All of the data below needs to be set down again, exactly as shown.

**Stored items**
==*==
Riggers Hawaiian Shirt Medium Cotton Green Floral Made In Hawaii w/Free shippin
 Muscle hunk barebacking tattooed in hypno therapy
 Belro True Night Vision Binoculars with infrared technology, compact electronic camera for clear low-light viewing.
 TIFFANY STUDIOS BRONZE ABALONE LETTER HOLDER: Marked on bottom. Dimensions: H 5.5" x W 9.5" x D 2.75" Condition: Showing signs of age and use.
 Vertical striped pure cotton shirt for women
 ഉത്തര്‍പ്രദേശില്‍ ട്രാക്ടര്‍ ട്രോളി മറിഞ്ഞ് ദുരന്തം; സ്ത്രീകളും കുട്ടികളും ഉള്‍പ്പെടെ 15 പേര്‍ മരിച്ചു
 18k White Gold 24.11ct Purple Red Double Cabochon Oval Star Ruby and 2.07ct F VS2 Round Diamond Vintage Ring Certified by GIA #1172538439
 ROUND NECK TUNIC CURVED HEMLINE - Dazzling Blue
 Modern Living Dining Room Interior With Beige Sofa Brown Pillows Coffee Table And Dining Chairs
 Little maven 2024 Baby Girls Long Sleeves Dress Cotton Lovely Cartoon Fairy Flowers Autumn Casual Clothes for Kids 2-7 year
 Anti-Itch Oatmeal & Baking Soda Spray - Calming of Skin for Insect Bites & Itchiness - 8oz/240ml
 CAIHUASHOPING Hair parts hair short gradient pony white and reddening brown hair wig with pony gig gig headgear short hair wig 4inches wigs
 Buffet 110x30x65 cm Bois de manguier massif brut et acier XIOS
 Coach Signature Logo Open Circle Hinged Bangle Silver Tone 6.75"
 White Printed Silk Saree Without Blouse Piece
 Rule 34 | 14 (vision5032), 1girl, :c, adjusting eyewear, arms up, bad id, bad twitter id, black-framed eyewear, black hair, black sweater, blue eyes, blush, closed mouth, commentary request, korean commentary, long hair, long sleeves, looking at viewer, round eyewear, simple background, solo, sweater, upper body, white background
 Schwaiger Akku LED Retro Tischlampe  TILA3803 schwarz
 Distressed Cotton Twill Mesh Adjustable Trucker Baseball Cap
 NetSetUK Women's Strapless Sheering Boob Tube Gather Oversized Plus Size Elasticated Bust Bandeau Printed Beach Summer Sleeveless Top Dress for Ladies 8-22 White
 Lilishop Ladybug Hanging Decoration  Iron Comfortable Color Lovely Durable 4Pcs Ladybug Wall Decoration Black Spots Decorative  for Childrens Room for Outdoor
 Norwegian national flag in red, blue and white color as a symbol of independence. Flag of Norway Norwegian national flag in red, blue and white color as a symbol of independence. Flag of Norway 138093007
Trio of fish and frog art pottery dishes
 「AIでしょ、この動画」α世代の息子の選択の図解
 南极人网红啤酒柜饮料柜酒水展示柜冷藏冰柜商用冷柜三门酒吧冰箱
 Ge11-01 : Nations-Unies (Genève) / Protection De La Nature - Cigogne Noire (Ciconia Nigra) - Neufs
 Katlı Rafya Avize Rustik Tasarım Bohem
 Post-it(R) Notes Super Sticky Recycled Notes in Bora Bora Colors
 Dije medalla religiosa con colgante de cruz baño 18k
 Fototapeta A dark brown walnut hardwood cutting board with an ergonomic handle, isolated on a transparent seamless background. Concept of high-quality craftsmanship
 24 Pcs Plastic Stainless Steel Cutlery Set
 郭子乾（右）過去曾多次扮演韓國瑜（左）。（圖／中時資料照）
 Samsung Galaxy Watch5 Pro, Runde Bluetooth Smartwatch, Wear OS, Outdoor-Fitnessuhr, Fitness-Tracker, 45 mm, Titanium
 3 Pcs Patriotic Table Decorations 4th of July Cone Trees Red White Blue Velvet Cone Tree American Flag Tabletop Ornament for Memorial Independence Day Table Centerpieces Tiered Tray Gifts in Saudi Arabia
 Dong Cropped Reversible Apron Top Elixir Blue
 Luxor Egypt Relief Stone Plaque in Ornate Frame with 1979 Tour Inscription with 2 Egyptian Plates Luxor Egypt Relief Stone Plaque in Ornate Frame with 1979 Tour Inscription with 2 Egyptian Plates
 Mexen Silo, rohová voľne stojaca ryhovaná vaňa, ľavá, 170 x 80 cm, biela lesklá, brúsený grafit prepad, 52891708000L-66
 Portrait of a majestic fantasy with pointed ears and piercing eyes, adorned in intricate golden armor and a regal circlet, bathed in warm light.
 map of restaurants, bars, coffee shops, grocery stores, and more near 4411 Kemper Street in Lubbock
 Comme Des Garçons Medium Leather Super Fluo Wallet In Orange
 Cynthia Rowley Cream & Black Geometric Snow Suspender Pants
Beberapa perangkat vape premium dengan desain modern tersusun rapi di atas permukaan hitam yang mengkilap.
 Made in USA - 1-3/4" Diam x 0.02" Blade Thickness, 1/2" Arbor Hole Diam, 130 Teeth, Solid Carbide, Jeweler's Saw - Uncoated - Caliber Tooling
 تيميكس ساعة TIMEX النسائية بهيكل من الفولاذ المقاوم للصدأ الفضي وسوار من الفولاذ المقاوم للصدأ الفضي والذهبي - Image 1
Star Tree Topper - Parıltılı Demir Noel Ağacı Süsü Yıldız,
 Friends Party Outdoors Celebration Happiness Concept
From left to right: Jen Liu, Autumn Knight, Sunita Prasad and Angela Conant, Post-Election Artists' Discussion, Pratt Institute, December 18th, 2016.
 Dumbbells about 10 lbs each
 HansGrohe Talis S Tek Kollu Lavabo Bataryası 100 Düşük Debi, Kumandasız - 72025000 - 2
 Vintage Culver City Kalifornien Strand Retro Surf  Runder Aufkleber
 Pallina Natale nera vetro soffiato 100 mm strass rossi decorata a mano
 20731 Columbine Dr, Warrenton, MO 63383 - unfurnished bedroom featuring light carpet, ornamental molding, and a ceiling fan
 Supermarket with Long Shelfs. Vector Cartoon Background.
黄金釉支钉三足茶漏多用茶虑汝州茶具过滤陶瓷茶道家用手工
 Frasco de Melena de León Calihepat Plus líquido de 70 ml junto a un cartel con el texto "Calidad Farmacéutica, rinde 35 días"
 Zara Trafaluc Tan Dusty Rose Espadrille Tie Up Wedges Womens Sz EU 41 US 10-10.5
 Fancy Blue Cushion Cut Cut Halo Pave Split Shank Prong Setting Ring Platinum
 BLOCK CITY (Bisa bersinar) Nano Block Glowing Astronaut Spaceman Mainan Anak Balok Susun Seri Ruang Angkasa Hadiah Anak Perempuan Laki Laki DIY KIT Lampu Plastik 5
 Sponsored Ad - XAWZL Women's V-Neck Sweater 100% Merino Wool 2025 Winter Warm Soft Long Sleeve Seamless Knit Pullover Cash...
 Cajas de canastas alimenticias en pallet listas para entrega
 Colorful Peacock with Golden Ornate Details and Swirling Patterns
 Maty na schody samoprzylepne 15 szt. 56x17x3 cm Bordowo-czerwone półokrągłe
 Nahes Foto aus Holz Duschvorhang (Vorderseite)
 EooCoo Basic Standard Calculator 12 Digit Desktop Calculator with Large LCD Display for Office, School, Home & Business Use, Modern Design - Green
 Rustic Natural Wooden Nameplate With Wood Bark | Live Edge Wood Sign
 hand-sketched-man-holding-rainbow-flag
==*==
**SOLUTION TO THIS TASK**
Riggers Hawaiian Shirt Medium Cotton Green Floral Made In Hawaii w/Free shippin
 Muscle hunk barebacking tattooed in hypno therapy
 Belro True Night Vision Binoculars with infrared technology, compact electronic camera for clear low-light viewing.
 TIFFANY STUDIOS BRONZE ABALONE LETTER HOLDER: Marked on bottom. Dimensions: H 5.5" x W 9.5" x D 2.75" Condition: Showing signs of age and use.
 Vertical striped pure cotton shirt for women
 ഉത്തര്‍പ്രദേശില്‍ ട്രാക്ടര്‍ ട്രോളി മറിഞ്ഞ് ദുരന്തം; സ്ത്രീകളും കുട്ടികളും ഉള്‍പ്പെടെ 15 പേര്‍ മരിച്ചു
 18k White Gold 24.11ct Purple Red Double Cabochon Oval Star Ruby and 2.07ct F VS2 Round Diamond Vintage Ring Certified by GIA #1172538439
 ROUND NECK TUNIC CURVED HEMLINE - Dazzling Blue
 Modern Living Dining Room Interior With Beige Sofa Brown Pillows Coffee Table And Dining Chairs
 Little maven 2024 Baby Girls Long Sleeves Dress Cotton Lovely Cartoon Fairy Flowers Autumn Casual Clothes for Kids 2-7 year
 Anti-Itch Oatmeal & Baking Soda Spray - Calming of Skin for Insect Bites & Itchiness - 8oz/240ml
 CAIHUASHOPING Hair parts hair short gradient pony white and reddening brown hair wig with pony gig gig headgear short hair wig 4inches wigs
 Buffet 110x30x65 cm Bois de manguier massif brut et acier XIOS
 Coach Signature Logo Open Circle Hinged Bangle Silver Tone 6.75"
 White Printed Silk Saree Without Blouse Piece
 Rule 34 | 14 (vision5032), 1girl, :c, adjusting eyewear, arms up, bad id, bad twitter id, black-framed eyewear, black hair, black sweater, blue eyes, blush, closed mouth, commentary request, korean commentary, long hair, long sleeves, looking at viewer, round eyewear, simple background, solo, sweater, upper body, white background
 Schwaiger Akku LED Retro Tischlampe  TILA3803 schwarz
 Distressed Cotton Twill Mesh Adjustable Trucker Baseball Cap
 NetSetUK Women's Strapless Sheering Boob Tube Gather Oversized Plus Size Elasticated Bust Bandeau Printed Beach Summer Sleeveless Top Dress for Ladies 8-22 White
 Lilishop Ladybug Hanging Decoration  Iron Comfortable Color Lovely Durable 4Pcs Ladybug Wall Decoration Black Spots Decorative  for Childrens Room for Outdoor
 Norwegian national flag in red, blue and white color as a symbol of independence. Flag of Norway Norwegian national flag in red, blue and white color as a symbol of independence. Flag of Norway 138093007
Trio of fish and frog art pottery dishes
 「AIでしょ、この動画」α世代の息子の選択の図解
 南极人网红啤酒柜饮料柜酒水展示柜冷藏冰柜商用冷柜三门酒吧冰箱
 Ge11-01 : Nations-Unies (Genève) / Protection De La Nature - Cigogne Noire (Ciconia Nigra) - Neufs
 Katlı Rafya Avize Rustik Tasarım Bohem
 Post-it(R) Notes Super Sticky Recycled Notes in Bora Bora Colors
 Dije medalla religiosa con colgante de cruz baño 18k
 Fototapeta A dark brown walnut hardwood cutting board with an ergonomic handle, isolated on a transparent seamless background. Concept of high-quality craftsmanship
 24 Pcs Plastic Stainless Steel Cutlery Set
 郭子乾（右）過去曾多次扮演韓國瑜（左）。（圖／中時資料照）
 Samsung Galaxy Watch5 Pro, Runde Bluetooth Smartwatch, Wear OS, Outdoor-Fitnessuhr, Fitness-Tracker, 45 mm, Titanium
 3 Pcs Patriotic Table Decorations 4th of July Cone Trees Red White Blue Velvet Cone Tree American Flag Tabletop Ornament for Memorial Independence Day Table Centerpieces Tiered Tray Gifts in Saudi Arabia
 Dong Cropped Reversible Apron Top Elixir Blue
 Luxor Egypt Relief Stone Plaque in Ornate Frame with 1979 Tour Inscription with 2 Egyptian Plates Luxor Egypt Relief Stone Plaque in Ornate Frame with 1979 Tour Inscription with 2 Egyptian Plates
 Mexen Silo, rohová voľne stojaca ryhovaná vaňa, ľavá, 170 x 80 cm, biela lesklá, brúsený grafit prepad, 52891708000L-66
 Portrait of a majestic fantasy with pointed ears and piercing eyes, adorned in intricate golden armor and a regal circlet, bathed in warm light.
 map of restaurants, bars, coffee shops, grocery stores, and more near 4411 Kemper Street in Lubbock
 Comme Des Garçons Medium Leather Super Fluo Wallet In Orange
 Cynthia Rowley Cream & Black Geometric Snow Suspender Pants
Beberapa perangkat vape premium dengan desain modern tersusun rapi di atas permukaan hitam yang mengkilap.
 Made in USA - 1-3/4" Diam x 0.02" Blade Thickness, 1/2" Arbor Hole Diam, 130 Teeth, Solid Carbide, Jeweler's Saw - Uncoated - Caliber Tooling
 تيميكس ساعة TIMEX النسائية بهيكل من الفولاذ المقاوم للصدأ الفضي وسوار من الفولاذ المقاوم للصدأ الفضي والذهبي - Image 1
Star Tree Topper - Parıltılı Demir Noel Ağacı Süsü Yıldız,
 Friends Party Outdoors Celebration Happiness Concept
From left to right: Jen Liu, Autumn Knight, Sunita Prasad and Angela Conant, Post-Election Artists' Discussion, Pratt Institute, December 18th, 2016.
 Dumbbells about 10 lbs each
 HansGrohe Talis S Tek Kollu Lavabo Bataryası 100 Düşük Debi, Kumandasız - 72025000 - 2
 Vintage Culver City Kalifornien Strand Retro Surf  Runder Aufkleber
 Pallina Natale nera vetro soffiato 100 mm strass rossi decorata a mano
 20731 Columbine Dr, Warrenton, MO 63383 - unfurnished bedroom featuring light carpet, ornamental molding, and a ceiling fan
 Supermarket with Long Shelfs. Vector Cartoon Background.
黄金釉支钉三足茶漏多用茶虑汝州茶具过滤陶瓷茶道家用手工
 Frasco de Melena de León Calihepat Plus líquido de 70 ml junto a un cartel con el texto "Calidad Farmacéutica, rinde 35 días"
 Zara Trafaluc Tan Dusty Rose Espadrille Tie Up Wedges Womens Sz EU 41 US 10-10.5
 Fancy Blue Cushion Cut Cut Halo Pave Split Shank Prong Setting Ring Platinum
 BLOCK CITY (Bisa bersinar) Nano Block Glowing Astronaut Spaceman Mainan Anak Balok Susun Seri Ruang Angkasa Hadiah Anak Perempuan Laki Laki DIY KIT Lampu Plastik 5
 Sponsored Ad - XAWZL Women's V-Neck Sweater 100% Merino Wool 2025 Winter Warm Soft Long Sleeve Seamless Knit Pullover Cash...
 Cajas de canastas alimenticias en pallet listas para entrega
 Colorful Peacock with Golden Ornate Details and Swirling Patterns
 Maty na schody samoprzylepne 15 szt. 56x17x3 cm Bordowo-czerwone półokrągłe
 Nahes Foto aus Holz Duschvorhang (Vorderseite)
 EooCoo Basic Standard Calculator 12 Digit Desktop Calculator with Large LCD Display for Office, School, Home & Business Use, Modern Design - Green
 Rustic Natural Wooden Nameplate With Wood Bark | Live Edge Wood Sign
 hand-sketched-man-holding-rainbow-flag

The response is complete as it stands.